PROBLEM TO WORK ON
What you return should be the complete listing, unchanged, with no pictures in it.

INFORMATION PROVIDED
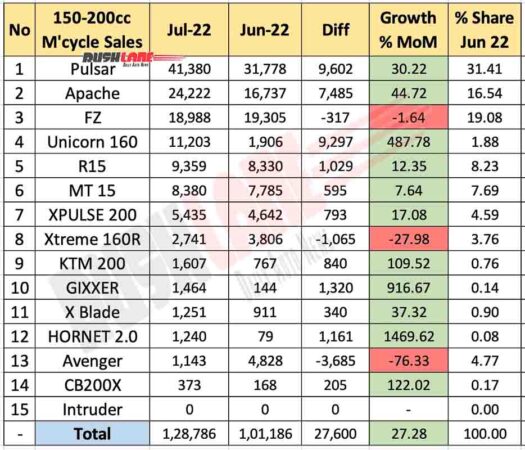 150cc to 200cc Motorcycle Sales July 2022 vs June 2022 (MoM)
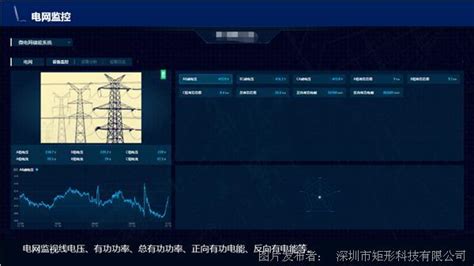 矩形科技 储能EMS控制器_储能_微电网_中国工控网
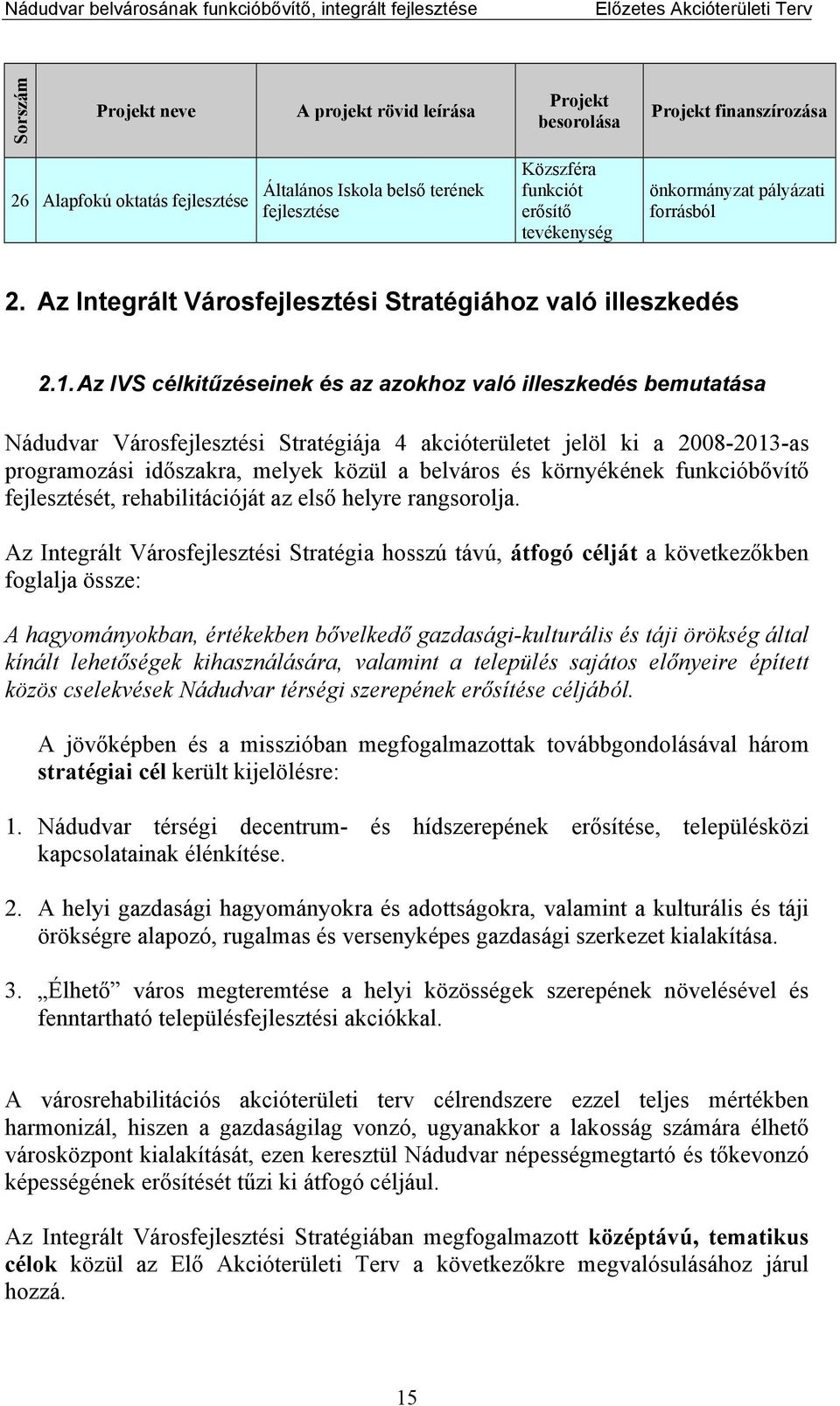 Az IVS célkitűzéseinek és az azokhoz való illeszkedés bemutatása Nádudvar Városfejlesztési Stratégiája 4 akcióterületet jelöl ki a 2008-2013-as programozási időszakra, melyek közül a belváros és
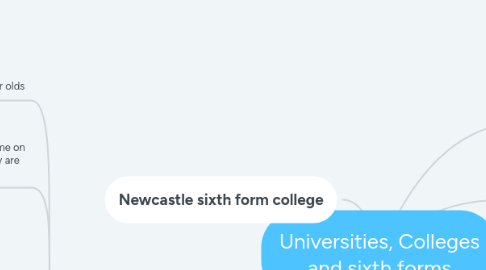 Mind Map: Universities, Colleges and sixth forms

SOLUTION TO THIS EXERCISE
 150cc to 200cc Motorcycle Sales July 2022 vs June 2022 (MoM)
 矩形科技 储能EMS控制器_储能_微电网_中国工控网
 Az IVS célkitűzéseinek és az azokhoz való illeszkedés bemutatása Nádudvar Városfejlesztési Stratégiája 4 akcióterületet jelöl ki a 2008-2013-as programozási időszakra, melyek közül a belváros és
 Mind Map: Universities, Colleges and sixth forms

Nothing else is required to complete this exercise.